Mon père était architecte. Un jour, quand j'avais dix-sept ans, Taranis, furieux, l'a accusé d'avoir saboté le chantier d'un de ses temples dont il supervisait la construction. Mon père a eu beau expliquer que tous les plans lui avaient été dérobés, Taranis n'a rien voulu savoir. Il l'a changé en corbeau. [...] Je me suis demandé ce que je pouvais faire pour lui et j'ai eu le déclic : j'allais rechercher le coupable et l'amener devant le dieu. Comme ça, il redonnerait forme humaine à mon père et nous reprendrions notre vie comme avant.
Après deux ans d'enquête, j'ai découvert que le vol des documents avait été commis par un employé de mon père. L'homme avait été payé par Teutatès, qui voyait d'un mauvais oeil l'installation de Taranis, coureur de jupons notoire, près d'un temple où demeuraient ses épouses et ses filles. [...] Malgré mes prières ardentes à Taranis, mon père n'a j'amais repris sa forme humaine. Il était condamné à rester corbeau. Un jour, je l'ai retrouvé mort, cloué à la porte d'une grange.
C'était la goutte qui faisait déborder le vase. J'en ai conçu une haine féroce envers les dieux. Ils avaient tué mes deux parents. Encore adolescent, je restais seul au monde. Qu'allais-je devenir ? J'étais désespéré et furieux. Je ne pensais qu'à me venger. Donc j'ai suivi la piste du meurtrier de mon père. Je l'ai retrouvé. C'était un voisin jaloux.
J'avais pris une arme. Juste pour lui faire peur, pas pour le tuer. J'ignore comment c'est arrivé... J'étais si jeune et si maladroit... J'ai laissé tomber le pistolet et le coup est parti. Le voisin est mort. Alors, j'ai pris soin de masquer mes traces pour qu'on ne puisse pas remonter jusqu'à moi, et je me suis enfui.
C'était la première – et unique – fois que j’ôtais la vie à un homme. Après coup, j’en ai ressenti un tel remords que je me suis promis de ne plus jamais porter d’arme. Même pas dans ma carrière de détective. J’ai pris ce boulot parce que je me suis rendu compte que je ne me débrouillais pas trop mal lorsqu’il s’agissait de remonter une piste. Et puis, à vrai dire, je ne savais pas quoi faire d’autre. Depuis, je me trimballe ici et là pour dégoter des enquêtes minables et vivoter du mieux que je peux."

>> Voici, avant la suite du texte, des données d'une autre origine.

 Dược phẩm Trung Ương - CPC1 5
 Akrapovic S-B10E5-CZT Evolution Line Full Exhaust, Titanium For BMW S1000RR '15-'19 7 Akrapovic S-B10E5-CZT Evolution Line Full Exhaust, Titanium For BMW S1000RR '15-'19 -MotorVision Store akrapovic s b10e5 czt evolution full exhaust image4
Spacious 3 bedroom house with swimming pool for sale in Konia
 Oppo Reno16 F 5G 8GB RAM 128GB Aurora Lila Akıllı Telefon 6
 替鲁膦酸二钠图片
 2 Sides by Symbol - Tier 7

Devenu adulte, il vit des mésaventures en Gaule qui le pousseront à quitter le pays : alors qu'il enquête sur une banale affaire d'adultère, il libère la maîtresse, une belle Egyptienne, avant de réaliser qu'il s'est mis à dos le grand caïd de la pègre locale. Il est contraint de s'enfuir avec la donzelle vers sa patrie natale et débarque à Alexandrie. Deux mois plus tard, la traîtresse le plaque pour suivre un richissime colosse grec. Lasser déménage alors pour Le Caire où il tente de vivoter de ses enquêtes. C'est là qu'il deviendra détective des dieux.
Son caractère
Quand nous avons élaboré le personnage de Lasser, nous n'avons pu nous empêcher de chercher du côté de nos références communes en matière de détectives. Il vous faut savoir que nous adorons, entre autres, la littérature américaine des années 30, surtout l’école des durs à cuire avec Dashiell Hammet et son détective Sam Spade.

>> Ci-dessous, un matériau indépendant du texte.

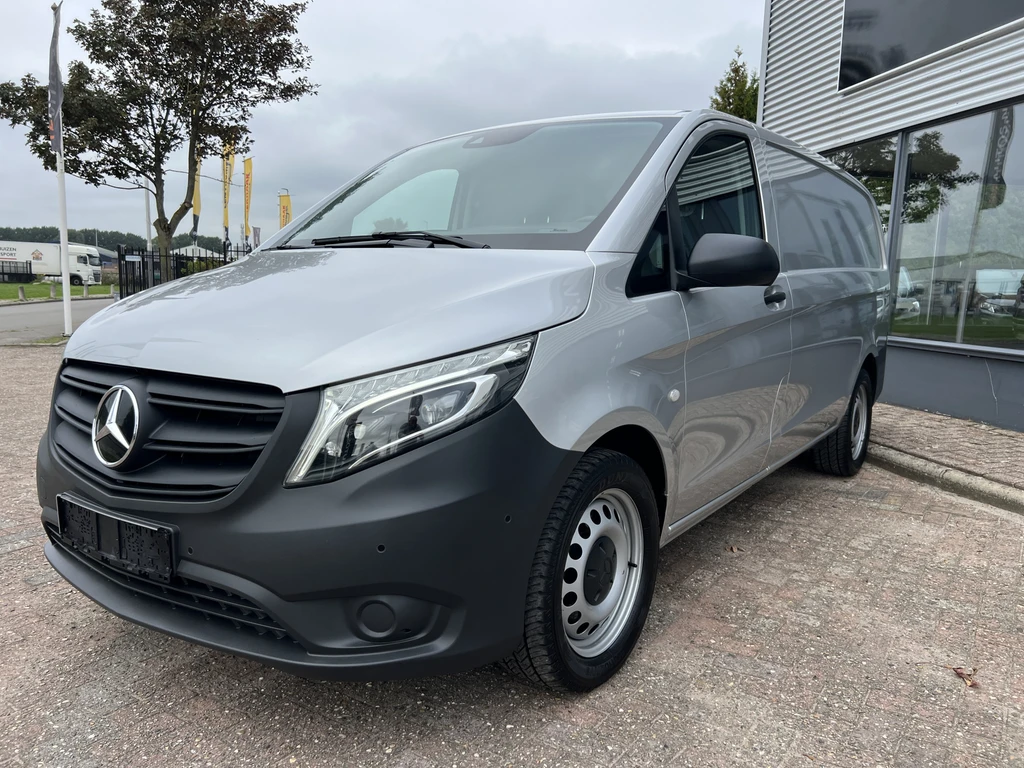 Mercedes-Benz Vito – foto 1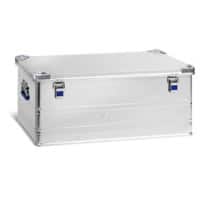 ALUTEC INDUSTRY Aufbewahrungsbox 140 L Grau 900 x 495 x 379 mm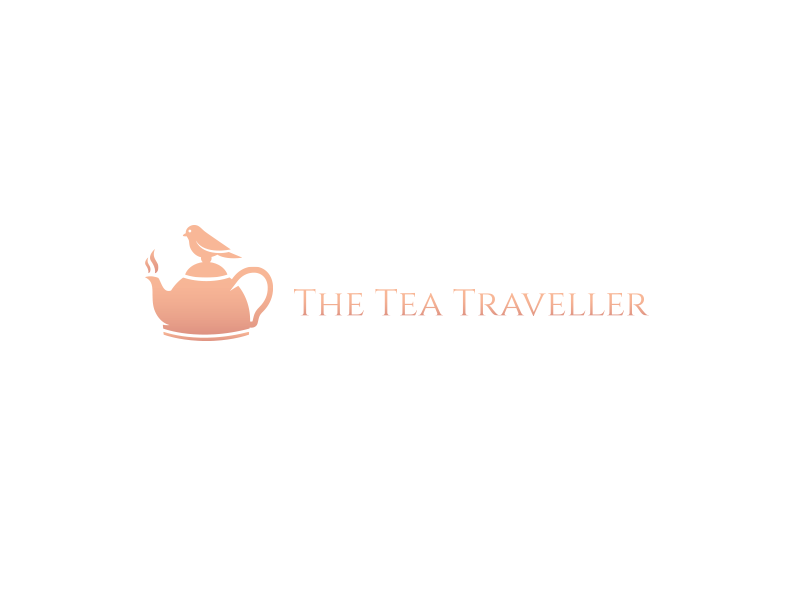 Logo Design by B.Tibéri for The Tea Traveller | Design #19695258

Une autre de nos références, c’est Philip Marlowe, le détective imaginé par Raymond Chandler. Les deux détectives sont des observateurs cyniques de la société dans laquelle ils vivent. Il y avait aussi tout un tas d’images qui se baladaient dans notre tête, glanées ici et là, au fil des lectures ou des films vus au cinéma : la période américaine de la prohibition, les boîtes de jazz dans les années 20-30, les histoires de gangsters, le personnage d’Al Capone… Forcément, tout ça a joué dans la construction du caractère de Lasser.

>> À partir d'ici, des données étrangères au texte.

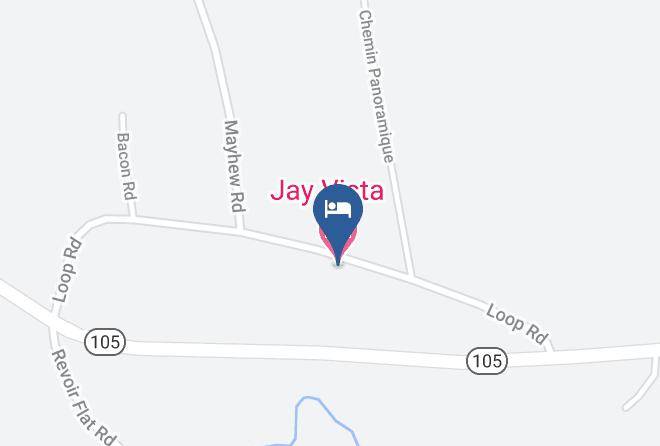Orleans - Jay Vista Maps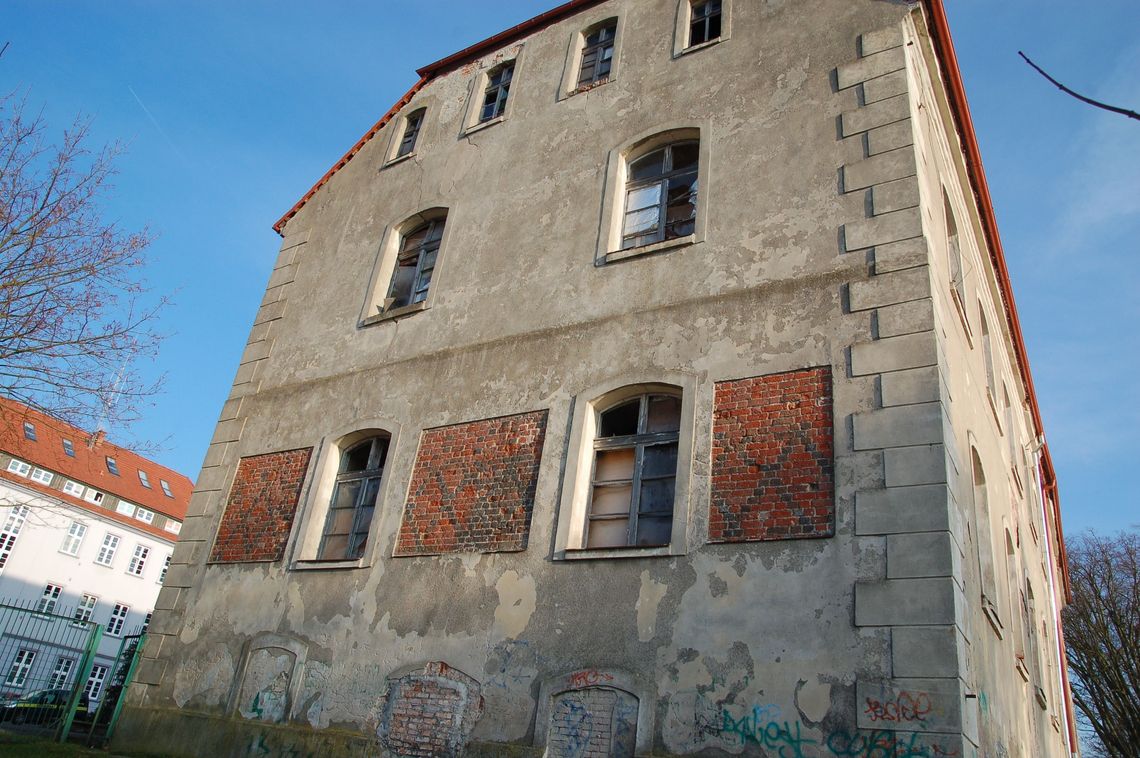 Zmiany w projekcie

Nous souhaitions créer un détective "à l'ancienne", digne de ses prédécesseurs des années 30. C'est pourquoi le personnage est cynique, désabusé, qu'il carbure au whisky et fréquente les lieux mal famés plutôt que la haute société. Son histoire personnelle explique également en grande partie sa manie de se décourager, de ne croire en rien, de jouer les éternels loosers. Au début d'Un privé sur le Nil, c'est comme s'il était cassé de l'intérieur : toujours solitaire, il n'a aucun but, n'attend rien, ne veut rien, à part vivoter entre deux enquêtes miables. Il se refuse à avoir des amis et à s'engager affectivement. Ses mésaventures lui ont inspiré une profonde méfiance envers la gent féminine. Ainsi, il joue volontiers les séducteurs sans chercher à aller plus loin.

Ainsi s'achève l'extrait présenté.